The Harrisburg–Carlisle metropolitan statistical area, officially the Harrisburg–Carlisle, PA Metropolitan Statistical Area, and also referred to as the Susquehanna Valley, is defined by the Office of Management and Budget as an area consisting of three counties in South Central Pennsylvania, anchored by the cities of Harrisburg and Carlisle. 

As of the 2020 census, the metropolitan statistical area (MSA) had a population of 591,712, making it the fourth-most-populous metropolitan area in Pennsylvania, after the Delaware Valley, Greater Pittsburgh, and the Lehigh Valley.
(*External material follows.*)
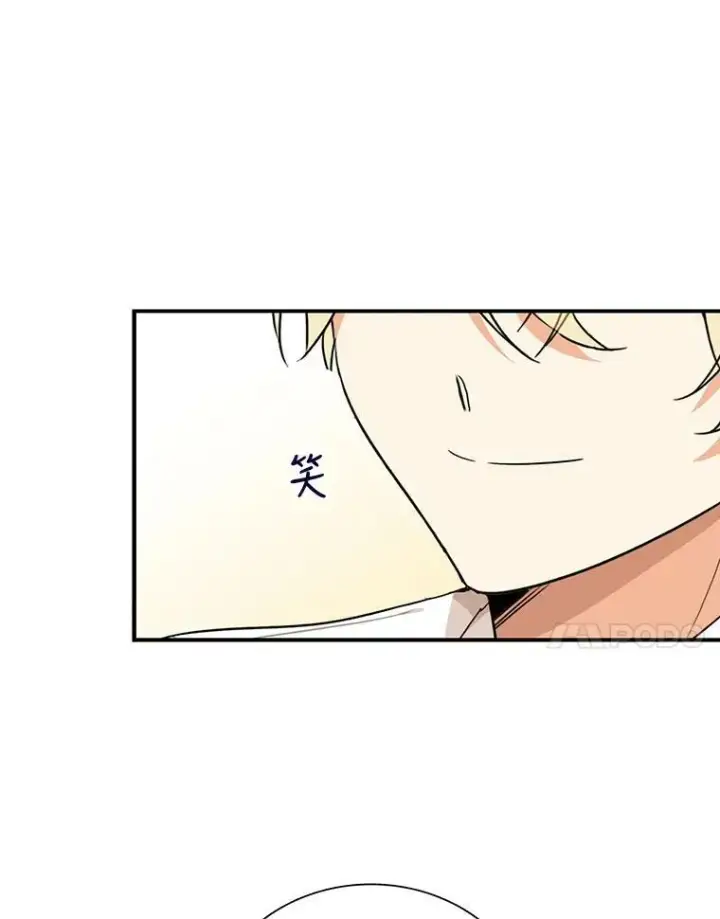 漫画《反派的继母》58.重回平静第71张图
Since 2012, it has been defined as part of the Harrisburg–York–Lebanon combined statistical area, which also includes York, Lebanon, and Adams counties.

Components 
The Harrisburg–Carlisle Metropolitan Area consists of three counties, located entirely within the Commonwealth of Pennsylvania. The following three counties are designated as being part of the greater Harrisburg–Carlisle area:

 Cumberland County, Pennsylvania
 Dauphin County, Pennsylvania
 Perry County, Pennsylvania
Officially, Lebanon County is not part of the Harrisburg–Carlisle metropolitan statistical area, and hasn't been since 2003, and is rather part of combined statistical area; however, it is culturally considered to be part of Greater Harrisburg with Harrisburg suburbs extending into the county.

Combined Statistical Area 

Additionally, three more counties are included as part of the Harrisburg–York–Lebanon, PA Combined Statistical Area. Collectively, they have a population of 1,271,801 people, making it the 46th-most-populous combined statistical area (CSA) in the United States, and the 3rd-most-populous CSA in the state of Pennsylvania.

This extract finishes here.